The script won the inaugural Tiernan McBride Award for screenwriting, as well as Best First Feature on its première at the Galway Film Fleadh. In 2009, the film won an Irish Film and Television Award for cinematography by PJ Dillon.  It had its international premiere at the Berlinale '08 film festival.

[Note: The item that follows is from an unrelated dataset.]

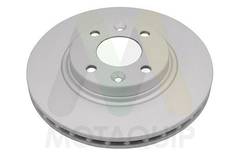 Bremžu disks LVBD1643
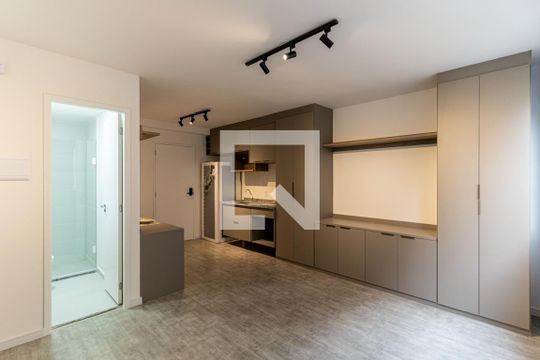 Kitnet/Studio à venda com 1 quarto, 24m² em Vila Buarque, São Paulo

A female coming-of-age story, the title refers to the protagonist's bra size.

Plot
The story is set in Raheny, Dublin in 1979. The film opens with its heroine, Maeve, putting on her new snow white bra, and stepping out into the world as a young woman. She has an obsession with breasts and bras and can't help but stare at other girls and women, even the head nun doesn’t escape her gaze. Otherwise, her world revolves around her three friends, Ruth, Claire and Orla, who are more experienced in the ways of the world. They wear bras already (except Claire the feminist) and they have all had boyfriends. The new bra is a start but they really hope Maeve can find a fella, even offering kissing lessons to prepare her. What no one expects, least of all Maeve, is that she should snare the local sixteen- year old heartthrob.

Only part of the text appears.